Eigentlich geht es nur um den Roman des Monsieur Pick, eins von zahlreichen Manuskripten, das in der Bücherei für abgelehnte Manuskripte in Crozon gelagert worden war, und die Frage, wie und ob überhaupt der verstorbene Pizzabäcker in der Lage gewesen ist, solch ein Meisterwerk ganz im Geheimen zu verfassen.
Aber die Geschichte schlängelt sich dahin, streift dabei Autoren und ihre Werke, teilweise erfunden, die meisten tatsächlich existent, den Literaturbetrieb und das Verlagswesen, verweilt sogar kurz bei Barbaras Chanson "Göttingen" und lässt dabei die auftretenden Figuren immer mehr Gestalt annehmen und beeinflusst sogar deren weiteres Leben.

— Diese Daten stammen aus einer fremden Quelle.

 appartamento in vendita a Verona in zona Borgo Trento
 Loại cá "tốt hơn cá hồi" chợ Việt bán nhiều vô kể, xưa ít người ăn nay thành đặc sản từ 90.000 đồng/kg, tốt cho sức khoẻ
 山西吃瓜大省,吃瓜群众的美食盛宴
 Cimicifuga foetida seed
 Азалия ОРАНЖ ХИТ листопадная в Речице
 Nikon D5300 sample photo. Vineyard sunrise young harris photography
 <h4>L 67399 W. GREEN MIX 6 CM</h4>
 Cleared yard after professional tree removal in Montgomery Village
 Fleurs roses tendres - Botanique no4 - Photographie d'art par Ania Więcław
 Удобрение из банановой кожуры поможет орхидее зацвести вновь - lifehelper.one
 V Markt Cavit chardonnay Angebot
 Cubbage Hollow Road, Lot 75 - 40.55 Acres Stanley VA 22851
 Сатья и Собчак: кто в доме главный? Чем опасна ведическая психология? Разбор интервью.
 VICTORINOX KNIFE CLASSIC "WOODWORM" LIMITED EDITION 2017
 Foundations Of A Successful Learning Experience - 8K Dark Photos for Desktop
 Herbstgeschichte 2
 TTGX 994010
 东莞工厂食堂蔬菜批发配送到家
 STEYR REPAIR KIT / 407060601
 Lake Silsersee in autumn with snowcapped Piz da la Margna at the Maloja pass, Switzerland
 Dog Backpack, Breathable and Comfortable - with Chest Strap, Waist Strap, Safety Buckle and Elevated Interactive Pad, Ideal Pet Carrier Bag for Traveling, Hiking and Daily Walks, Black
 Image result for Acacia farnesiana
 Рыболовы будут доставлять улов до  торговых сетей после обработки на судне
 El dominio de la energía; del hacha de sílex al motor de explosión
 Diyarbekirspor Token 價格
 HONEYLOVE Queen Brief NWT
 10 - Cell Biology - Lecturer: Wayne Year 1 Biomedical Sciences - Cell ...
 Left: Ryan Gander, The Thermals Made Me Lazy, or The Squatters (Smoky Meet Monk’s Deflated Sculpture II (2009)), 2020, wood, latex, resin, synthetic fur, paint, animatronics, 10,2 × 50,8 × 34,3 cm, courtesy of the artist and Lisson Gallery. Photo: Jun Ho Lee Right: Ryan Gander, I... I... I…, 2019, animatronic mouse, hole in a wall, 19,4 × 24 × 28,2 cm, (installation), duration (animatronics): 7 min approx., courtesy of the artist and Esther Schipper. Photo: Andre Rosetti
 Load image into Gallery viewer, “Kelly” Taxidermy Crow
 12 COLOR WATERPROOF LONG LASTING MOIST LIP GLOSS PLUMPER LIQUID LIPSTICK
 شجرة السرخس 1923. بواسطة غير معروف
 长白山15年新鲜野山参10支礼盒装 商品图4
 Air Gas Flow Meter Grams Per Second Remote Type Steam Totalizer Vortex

Das ist spannend und durch die Leichtigkeit, mit der die Story sich entwickelt, ausgesprochen positiv, denn der Leser hat den Eindruck, dass im Grunde immer alles möglich ist. Einem schlüssigen und anrührenden Ende folgt ein Epilog, der wieder alles auf den Kopf stellt.
So ein feiner Roman! Ich bin schwer angetan.